OpenGVLab / InternVideo

[ECCV2024] Video Foundation Models & Data for Multimodal Understanding
Apache License 2.0
1.11k stars 73 forks source link

Wrong results in Action Recognition task. #133

Open zhengrongz opened 1 month ago

zhengrongz commented 1 month ago

Hi! I have tried Internvideo2-1B-clip in the action recognition task on K400 dataset, I try to use the model without the dataset class you designed. So what I do in vision is catching 8 frames from video, transform it using test_transform, feed the processed clip into the vision encoder to get the 1x768 feature. In text I just use the k400_categories.txt and kinetics_prompt you offered, after the text encoder it's 400x16x768 features. Finally I get these two features in get_sim, and get a rank of the categories, but the result is very bad. the answer is always not in the top5 choices, the model seems to randomly rank the categories.
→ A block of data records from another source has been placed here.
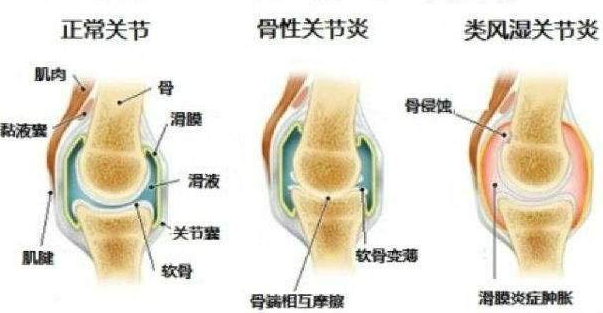 QQ截图20211116094214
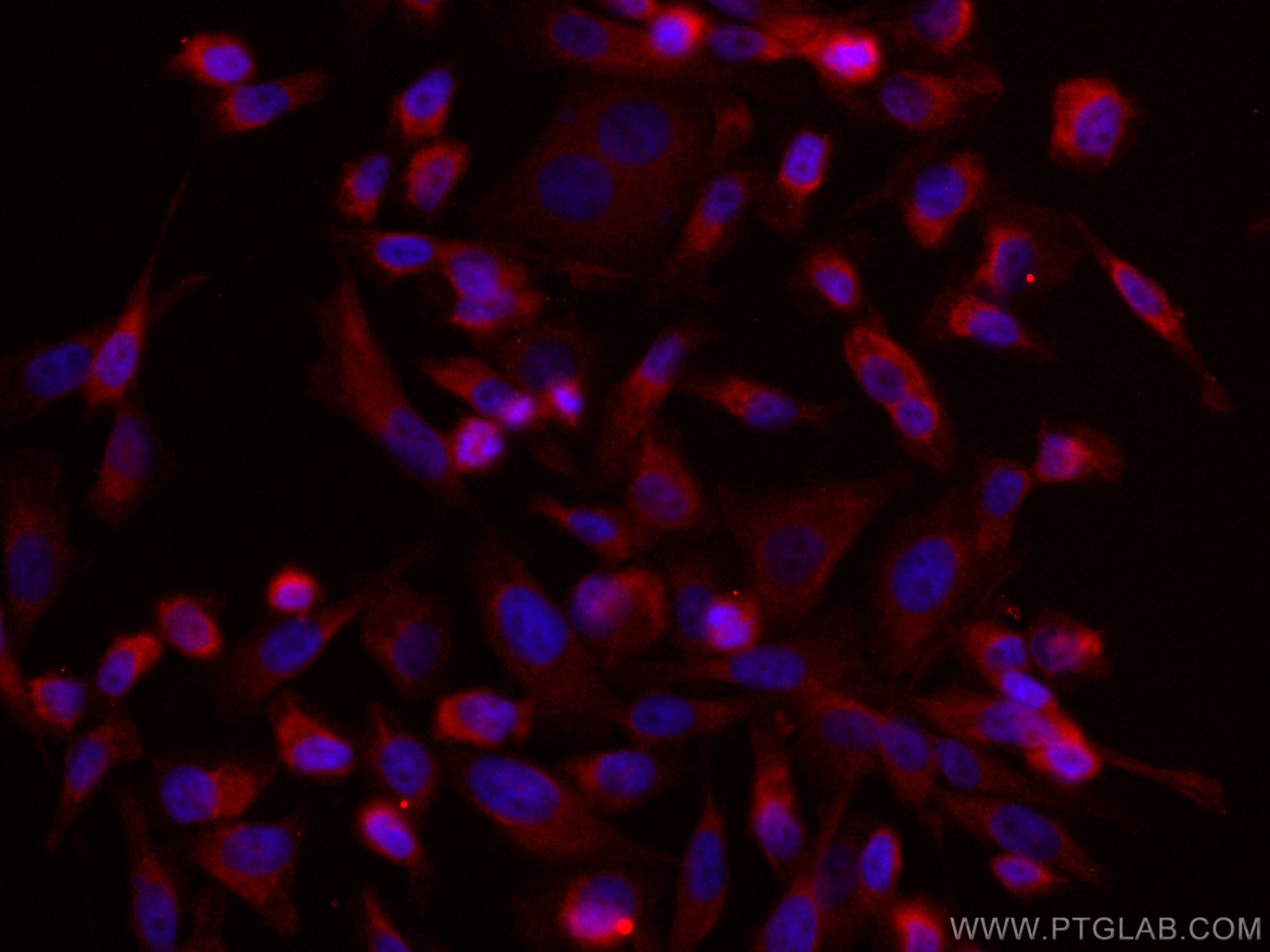 Immunofluorescence (IF) / fluorescent staining of PC-3 cells using CoraLite®594-conjugated MST1 Monoclonal antibody (CL594-66663)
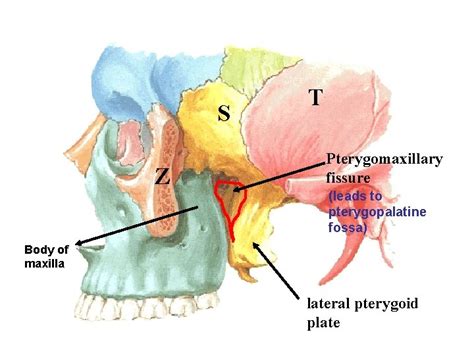 Infratemporal Fossa Boundaries of Infratemporal fossa Temporomandibular joint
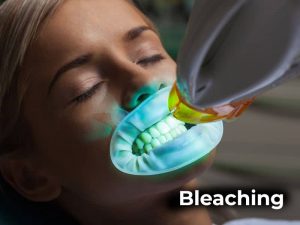bleaching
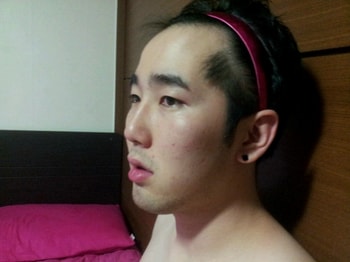 옆이마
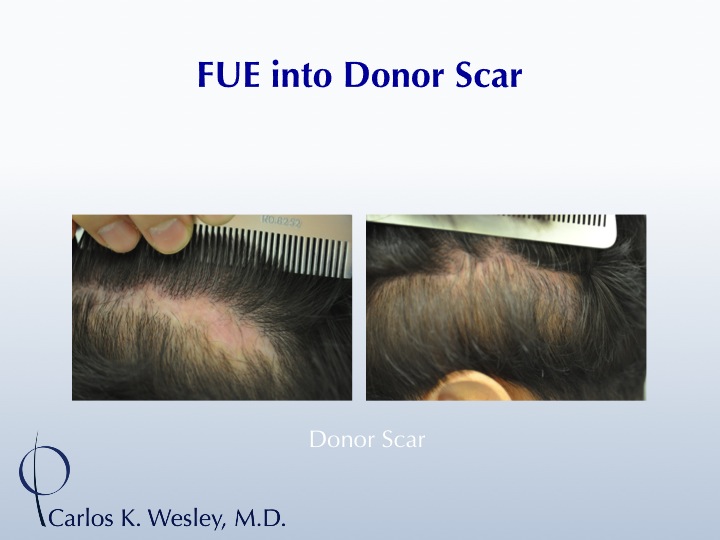 Donor scar repair by Dr. Wesley using FUE into scar tissue.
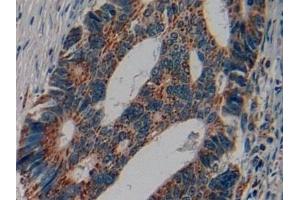 Detection of CRF in Human Colorectal cancer Tissue using Polyclonal Antibody to Corticotropin Releasing Factor (CRF)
I don't know if there is any wrong. the model I use is chinese_alpaca_lora_7b, InternVideo2-stage2_1b-224p-f4.pt, internvl_c_13b_224px.pth, InternVideo2_CLIP_1B.pth.

zhengrongz commented 1 month ago

I also don't use flashattn, deepspeed,fused_rmsnorm and fused_mlp, but I don't think it will influence the inference result.

Andy1621 commented 1 month ago

Hi! Can you try to reproduce the results for some small dataset like UCF101? Thus you can check whether you have load the weights correctly.